In order to get to this town, I needed to rent a car. This was a last minute effort on both of our parts to make this happen, so she found a place to stay, and I went to Orbitz to find a car. I wasn’t picky, but I wanted to get a car in the city and not have to go all the way to the airport, so I went with a local company called Sixt. They also rent bicycles in town.
Before picking up the car at 4:30, I thought I’d make a day of it and meet my lovely cousin Gita and have lunch and catch up. I took the Red Bus from Dzintari (just a little walk from Sēlieši) to the MTS station in Riga. I found her waiting for me, but she refused to take a selfie with me, so I apologize in advance for the lack of photos. We had a lovely meal, and then walked to the gramatuveikals (bookstore), Jānis Roze. There I purchased a Latvian dictionary, phrasebook, and map. I feel that I am armed and ready to learn the language… pray for me (lūdzies par mani).
Then it was time to kill time by walking through the markets in search of Sixt, the rental car place. The Orbitz app showed me that it was somewhere in the main bus station (autoosta), so we kind of meandered toward there. On the way, we bought some berries, fruits, and vegetables. It is hard to resist when there are so many wonderful things surrounding you! Once we arrived at the station, I went to the Info desk to ask where the office was. No office. Apparently, they just drop the car off, and you do your business there. “In front or in back?” I asked. But he didn’t know.
As time drew near for my car to arrive, I made a phone call to find out where the car would be. “Sorry, I will give my number to my colleague and he will call you back.” We waited, eating strawberries and bilberries on the most uncomfortable bench in the world, but no one called. At 4:30, I called again. Same response. “My colleague’s phone is busy, but he will call you soon.” Again we waited walking to the front and back of the station hoping to see someone, but no luck. I called again, this time handing the phone to Gita so she could properly scold them in Latvian. She got the same response.
Finally, at 4:50, my phone rang and the guy wanted me to meet him in the big car park. What car park? No clue, so he said he would just drive to where I was. Thank God!
He rolled up 5 minutes later in a Ford Fiesta, lots of papers to sign, and an apology. He blamed the weekend service they hire to answer the phones.
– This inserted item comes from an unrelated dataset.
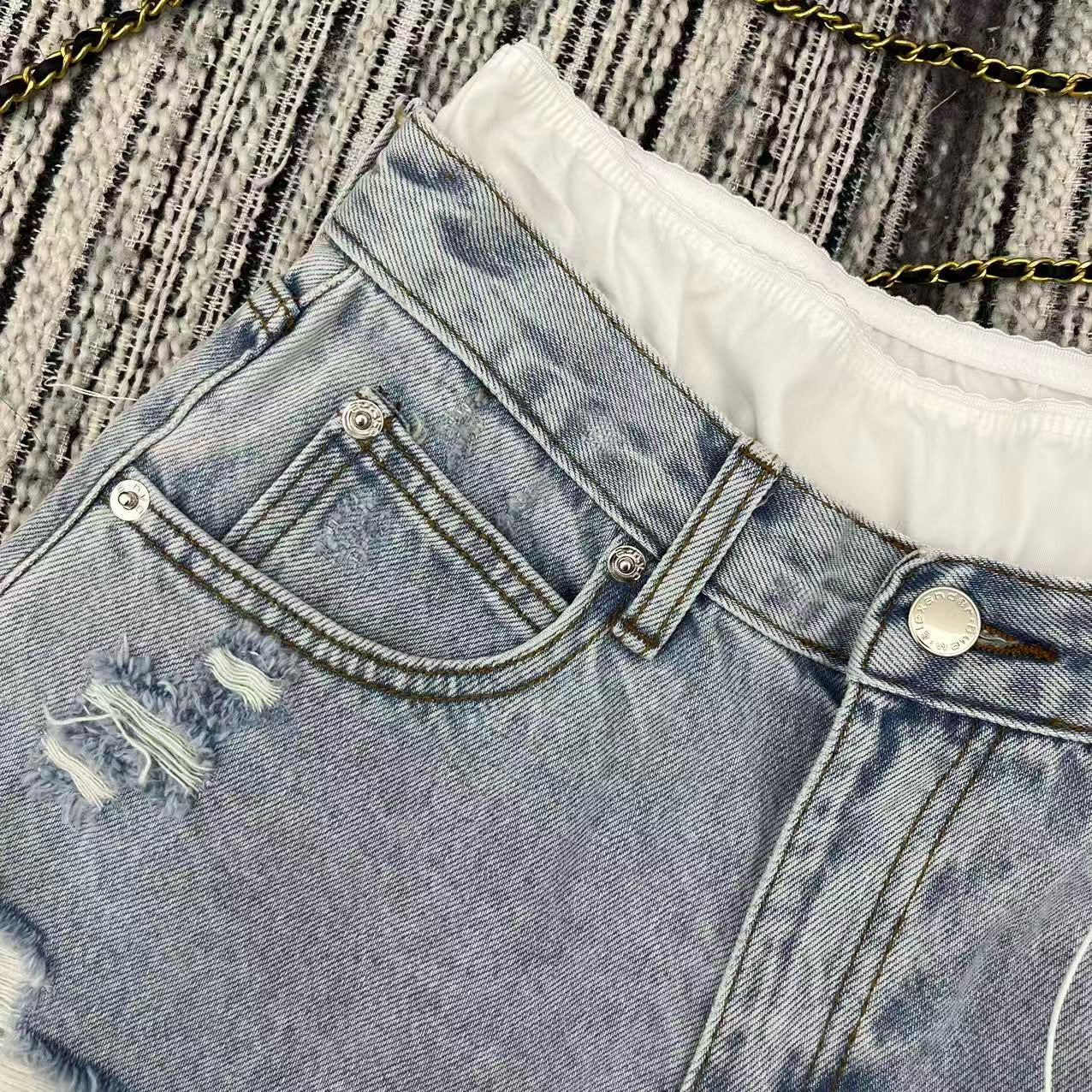 Alexander Wang Jeans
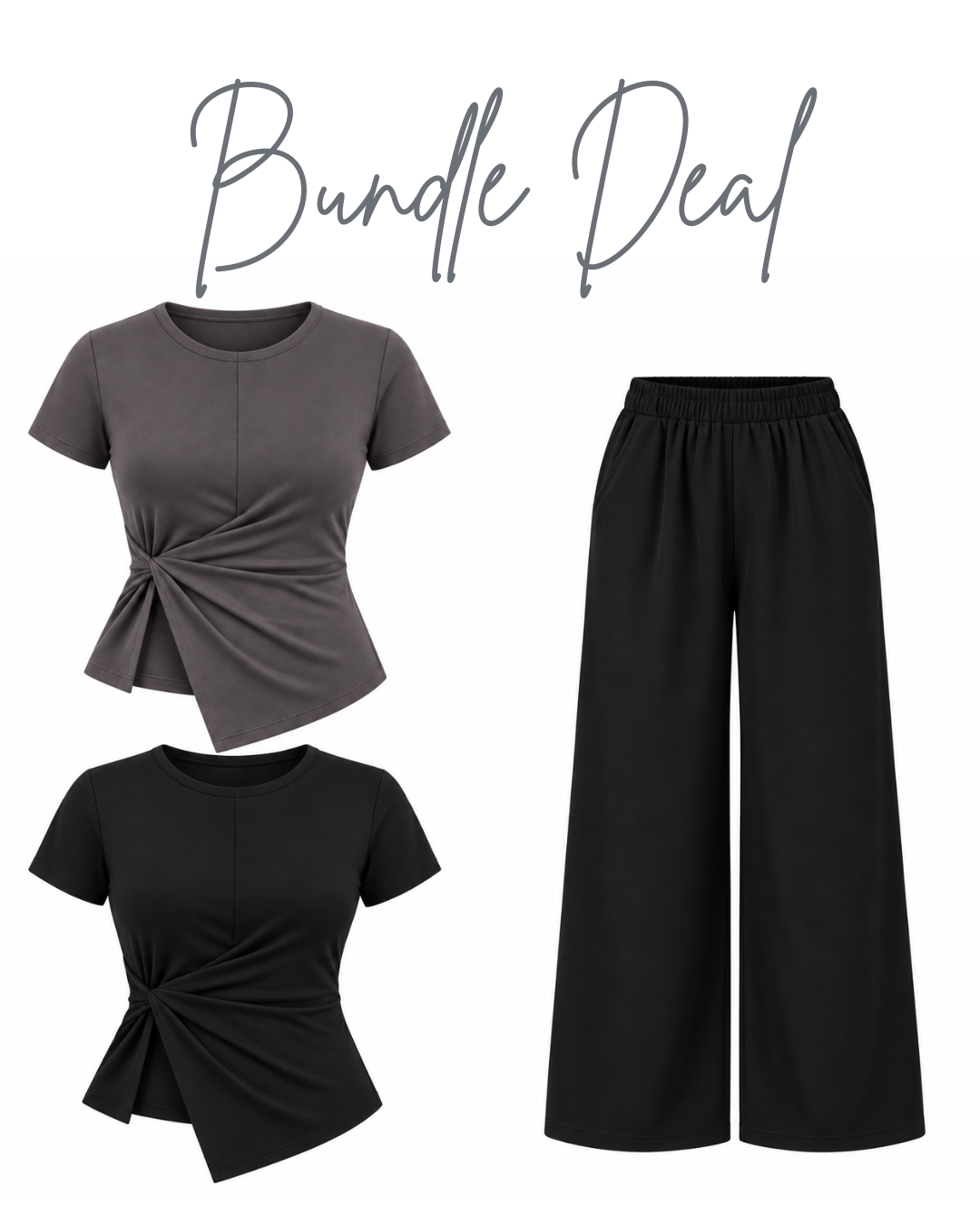 [PREORDER BUNDLE] The Mad Theories Kiera + Asher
My worst nightmare came true when I asked if I return the car here, and he said, “No, you drive it to Radisson hotel park it and drop the keys in the box inside. It’s easy!” I asked for very specific directions on where to park it. “On street you can park. Sunday no problem. There is no cost. If you can’t find on Elizabetas street, then park on (another street name I didn’t know).” He wrote the address down and then proceeded to tell me about surcharges, and insurance, and copays, and deposits. By the time it was all over and I signed the credit card receipt, I felt a bit like my head was spinning. He was a nice guy, but I feel like he overestimated my ability to park in Riga.
As it was, I packed up my flowers, grapes, Black Balsam, cucumbers and books in the back along with my overnight backpack, and Gita settled in the front seat. I skillfully drove her home, and then went to pick up Rita for our trip to Alūksne.